For this task, extract exactly the lines of the data below, from the line containing "Snapshot of massimo_g" through the last one, with pictures left out.

[Crawled caption data]
---+---

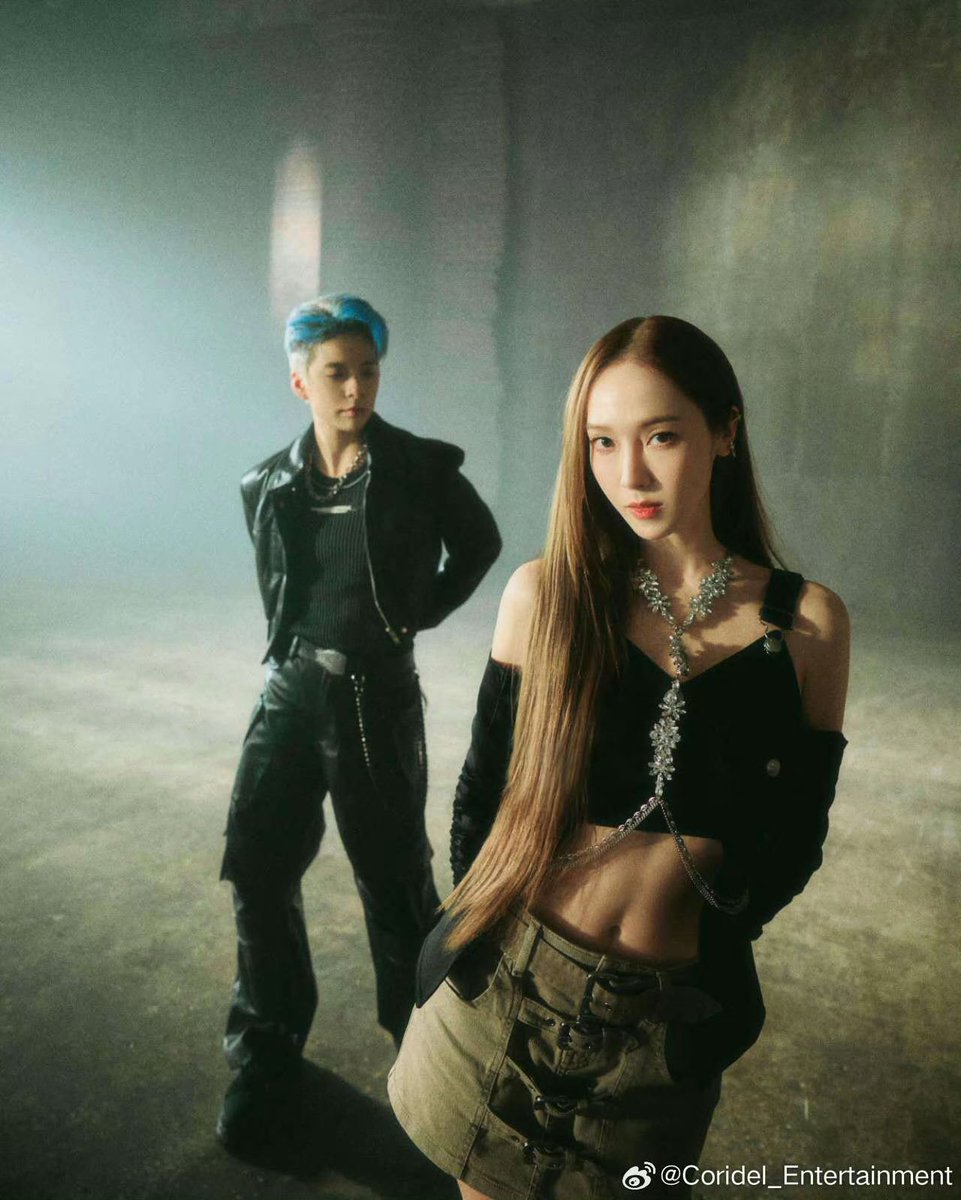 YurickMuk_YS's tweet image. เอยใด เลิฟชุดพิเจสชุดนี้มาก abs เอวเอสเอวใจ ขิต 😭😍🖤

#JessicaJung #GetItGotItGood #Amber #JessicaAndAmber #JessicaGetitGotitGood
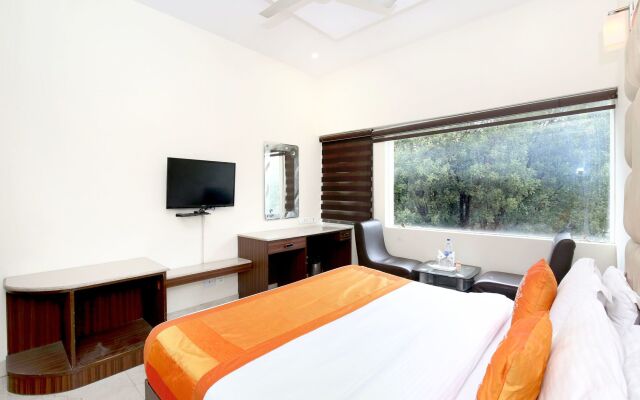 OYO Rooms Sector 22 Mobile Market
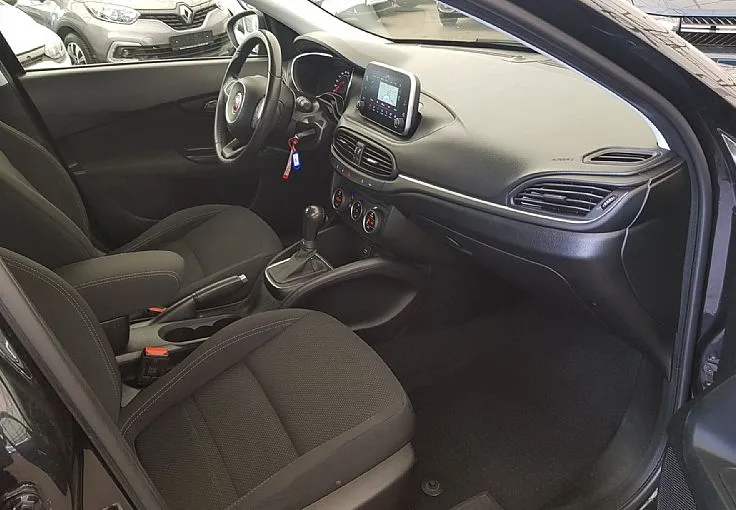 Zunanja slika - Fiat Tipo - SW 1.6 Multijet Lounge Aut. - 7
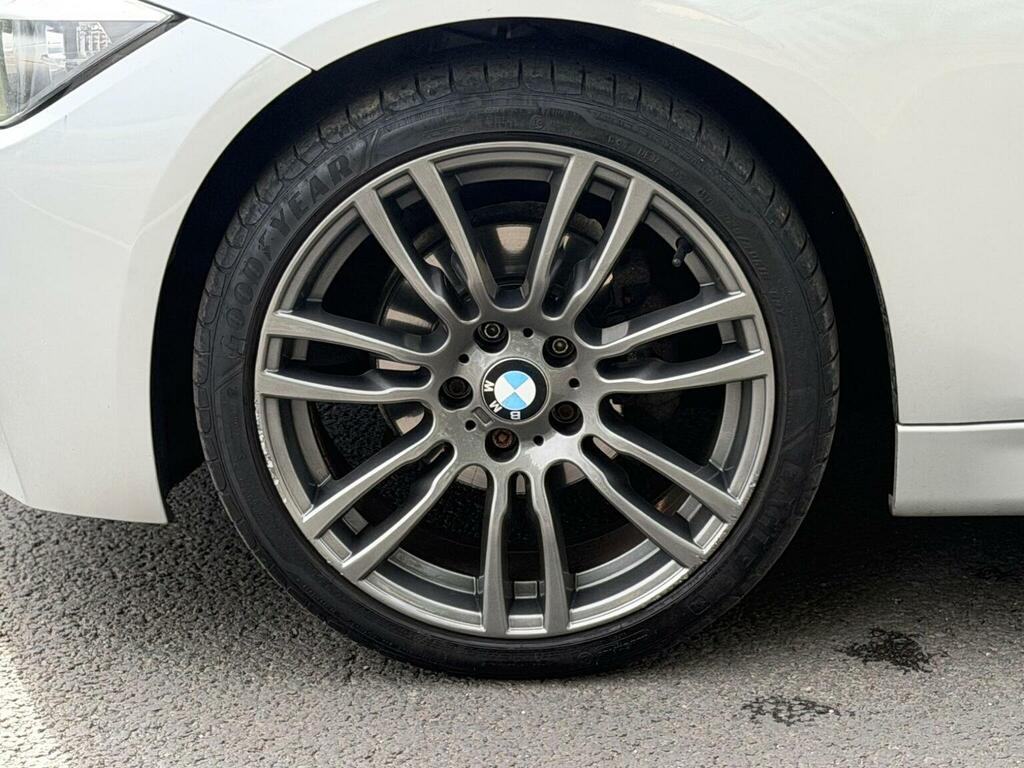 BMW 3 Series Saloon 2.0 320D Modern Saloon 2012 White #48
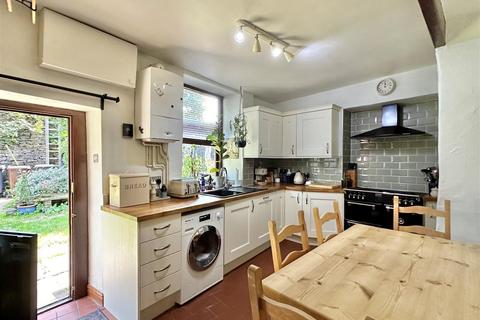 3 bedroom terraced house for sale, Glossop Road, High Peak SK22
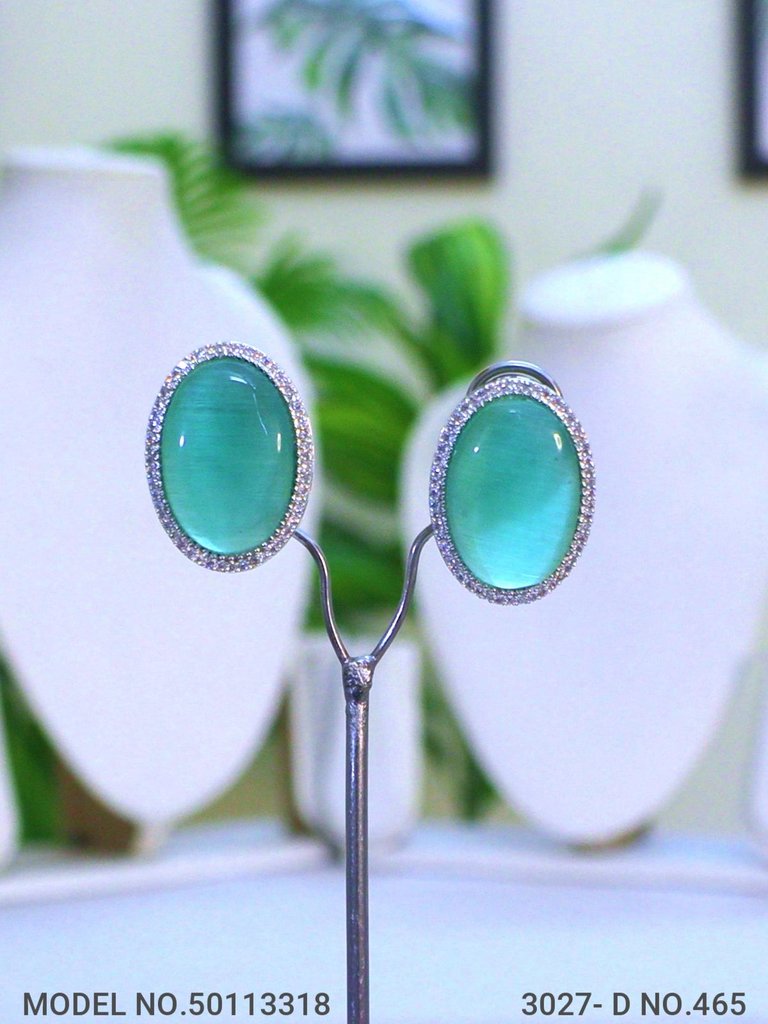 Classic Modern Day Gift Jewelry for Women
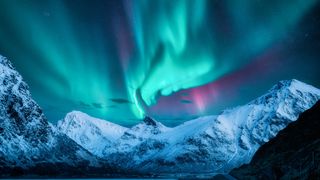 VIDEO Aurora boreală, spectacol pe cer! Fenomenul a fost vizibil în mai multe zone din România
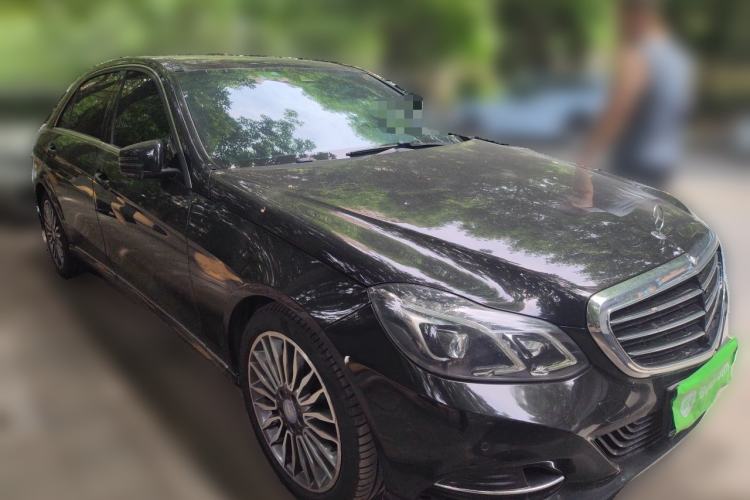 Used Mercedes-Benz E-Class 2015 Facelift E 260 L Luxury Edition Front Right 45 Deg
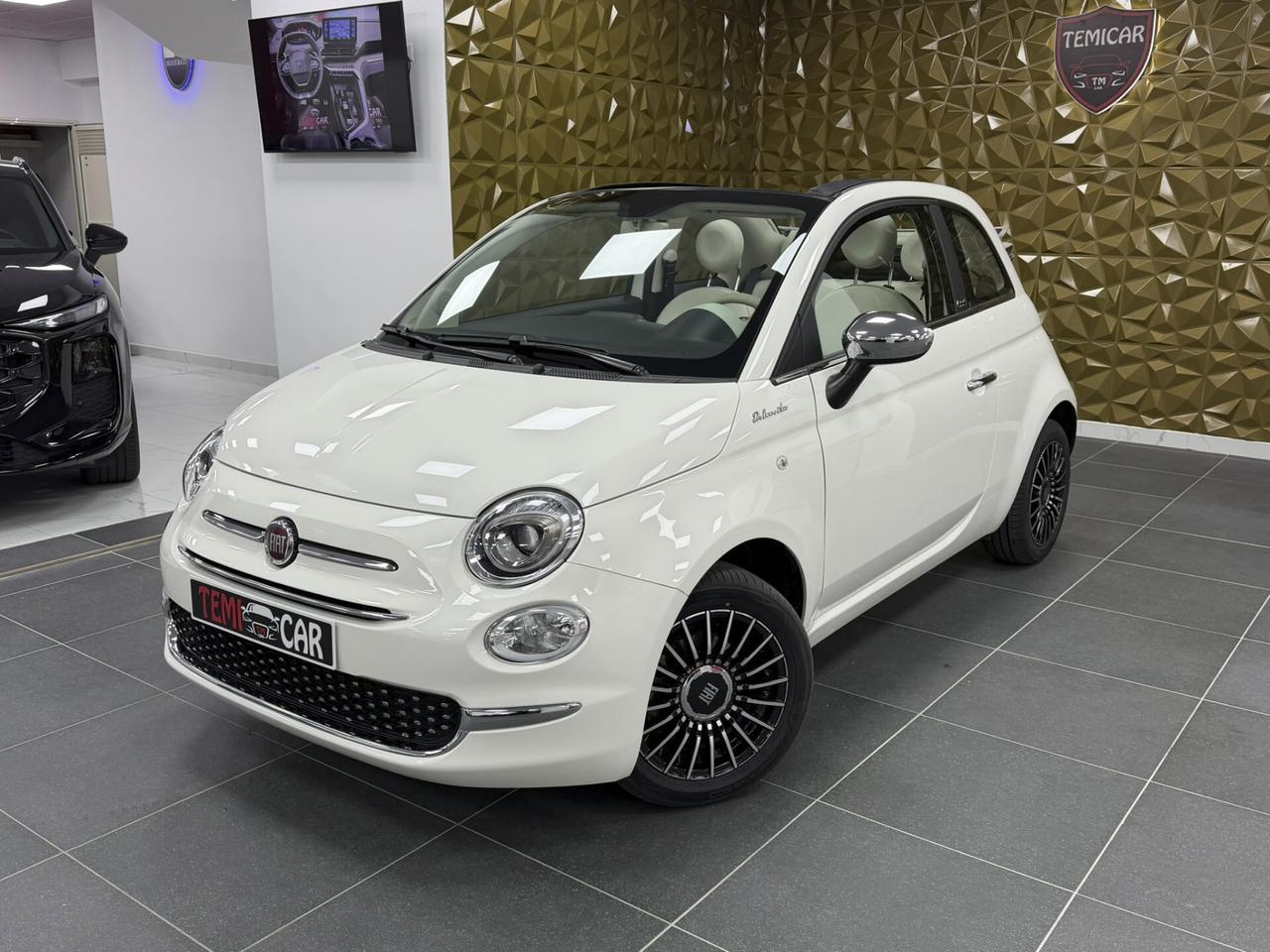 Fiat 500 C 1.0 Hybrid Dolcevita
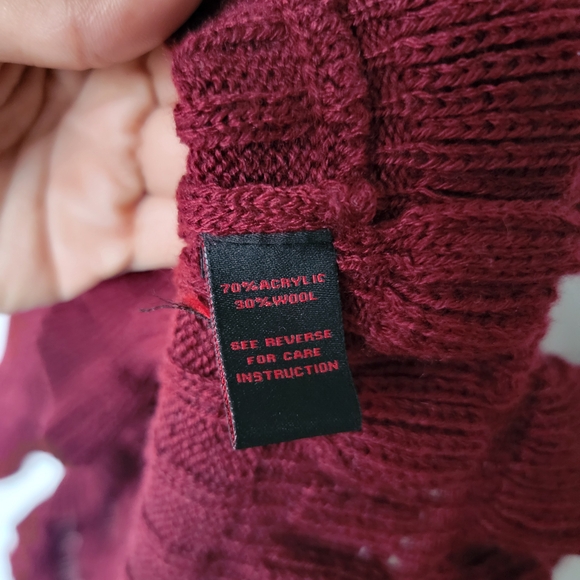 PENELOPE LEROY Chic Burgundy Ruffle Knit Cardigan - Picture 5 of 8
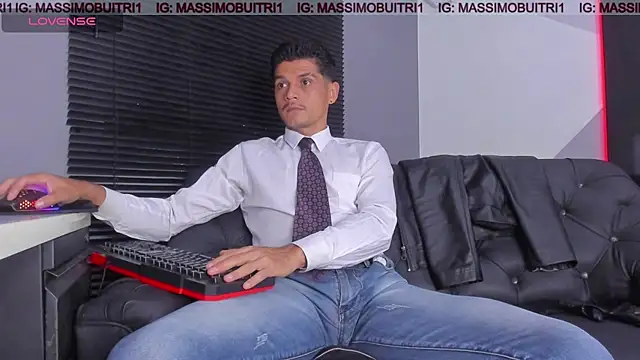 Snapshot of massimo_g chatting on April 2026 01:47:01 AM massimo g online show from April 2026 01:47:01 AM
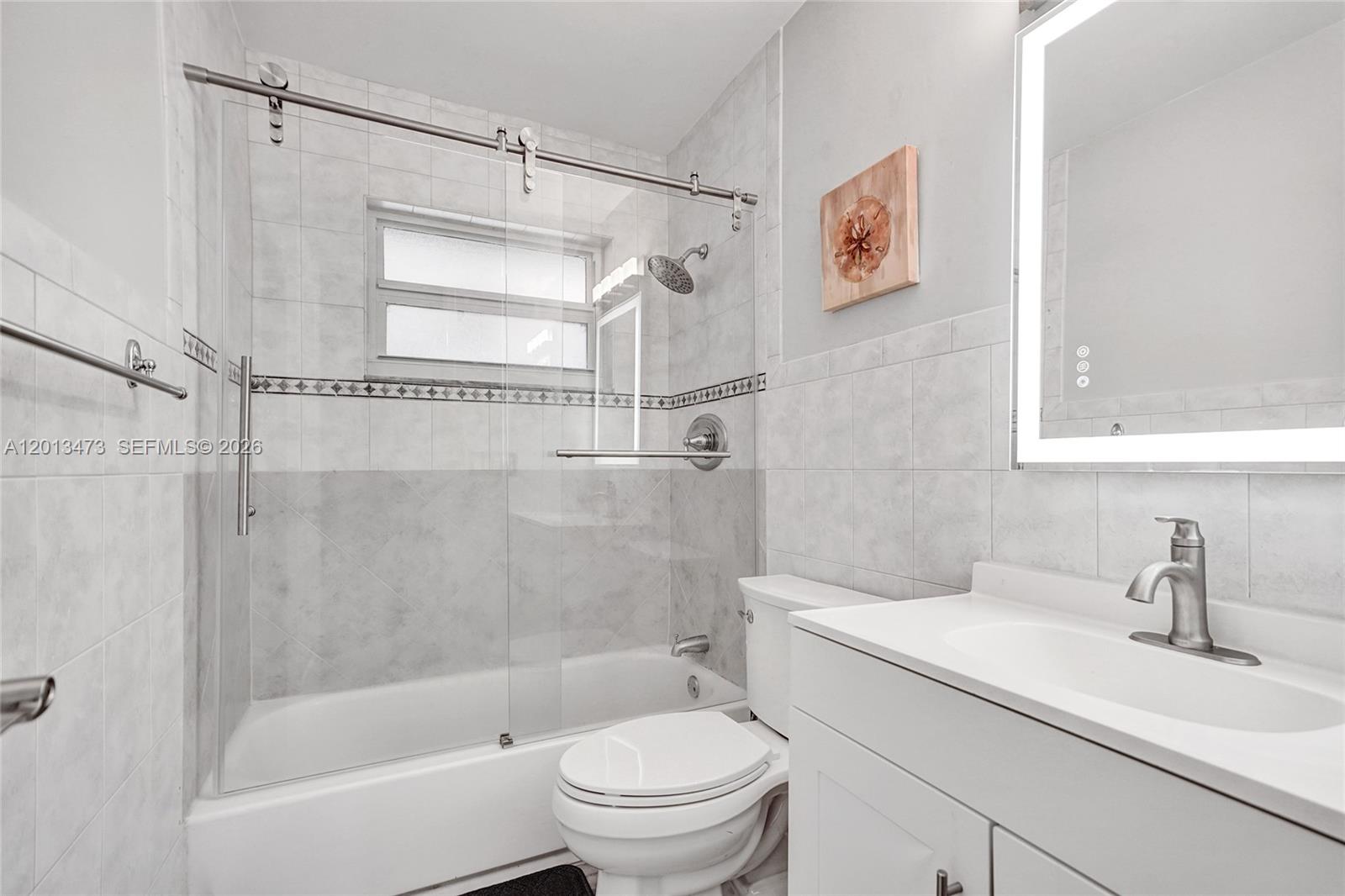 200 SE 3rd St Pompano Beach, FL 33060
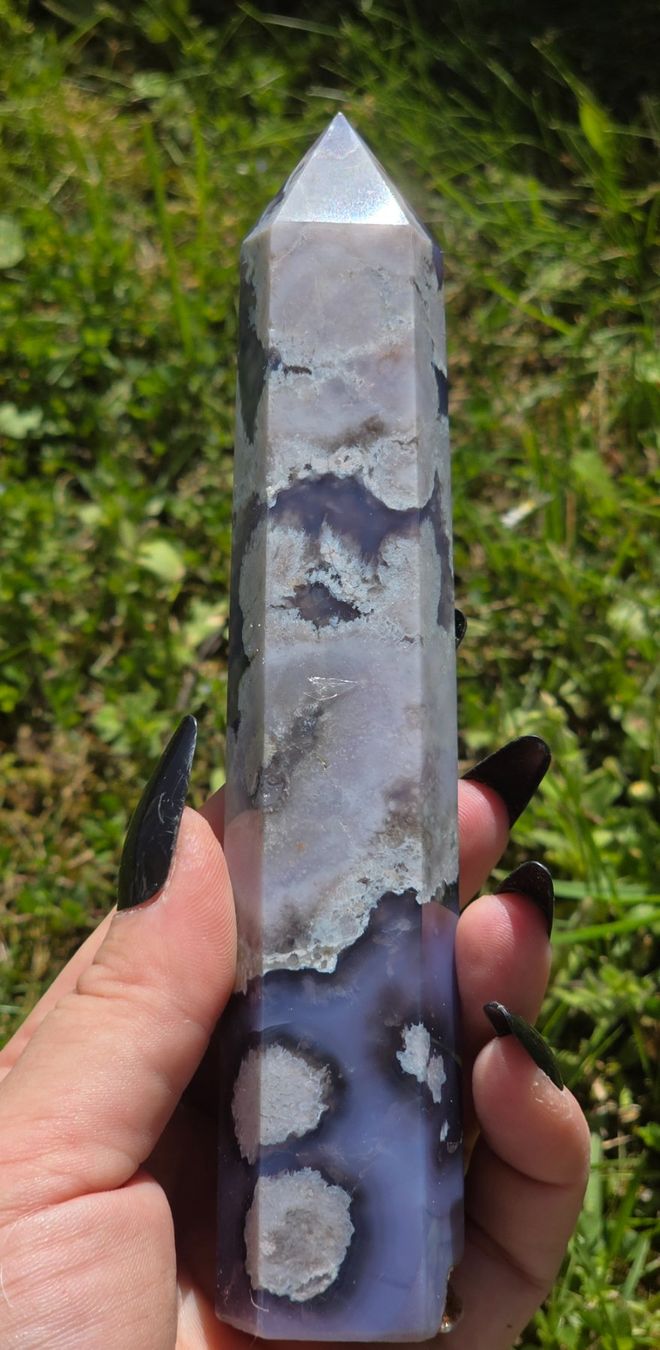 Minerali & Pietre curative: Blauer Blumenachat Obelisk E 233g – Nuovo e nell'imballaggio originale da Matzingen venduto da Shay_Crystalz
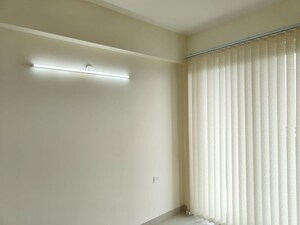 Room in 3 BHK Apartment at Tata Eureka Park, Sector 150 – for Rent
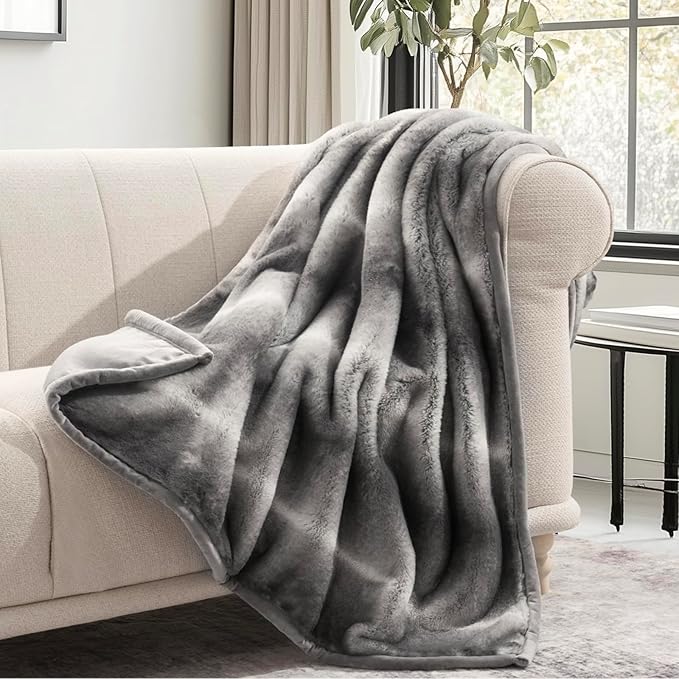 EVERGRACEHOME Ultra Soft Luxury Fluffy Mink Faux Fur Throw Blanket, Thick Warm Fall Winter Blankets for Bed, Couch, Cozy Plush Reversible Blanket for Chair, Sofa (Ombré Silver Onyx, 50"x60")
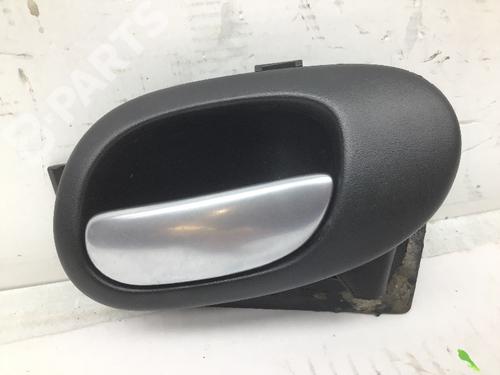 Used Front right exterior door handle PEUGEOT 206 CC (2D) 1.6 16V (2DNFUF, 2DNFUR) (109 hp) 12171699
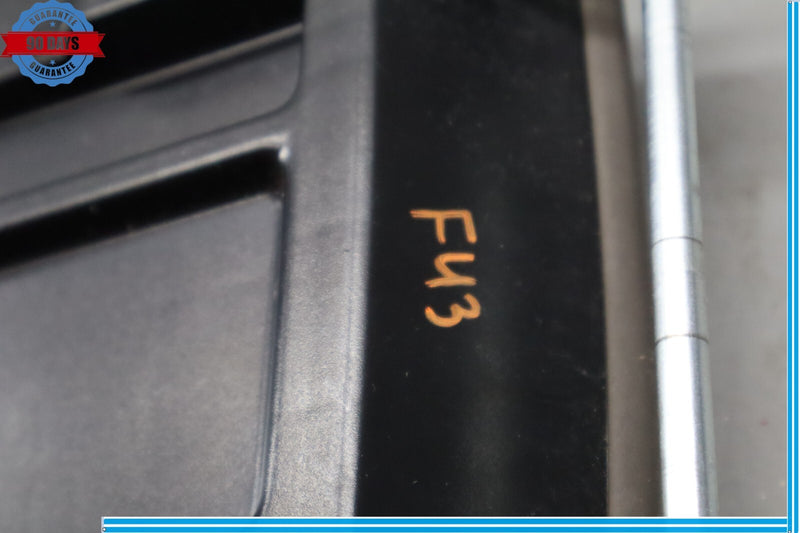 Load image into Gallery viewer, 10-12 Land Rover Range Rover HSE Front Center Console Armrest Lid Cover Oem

---+---

- _YOUR SOLUTION_
 Snapshot of massimo_g chatting on April 2026 01:47:01 AM massimo g online show from April 2026 01:47:01 AM
 200 SE 3rd St Pompano Beach, FL 33060
 Minerali & Pietre curative: Blauer Blumenachat Obelisk E 233g – Nuovo e nell'imballaggio originale da Matzingen venduto da Shay_Crystalz
 Room in 3 BHK Apartment at Tata Eureka Park, Sector 150 – for Rent
 EVERGRACEHOME Ultra Soft Luxury Fluffy Mink Faux Fur Throw Blanket, Thick Warm Fall Winter Blankets for Bed, Couch, Cozy Plush Reversible Blanket for Chair, Sofa (Ombré Silver Onyx, 50"x60")
 Used Front right exterior door handle PEUGEOT 206 CC (2D) 1.6 16V (2DNFUF, 2DNFUR) (109 hp) 12171699
 Load image into Gallery viewer, 10-12 Land Rover Range Rover HSE Front Center Console Armrest Lid Cover Oem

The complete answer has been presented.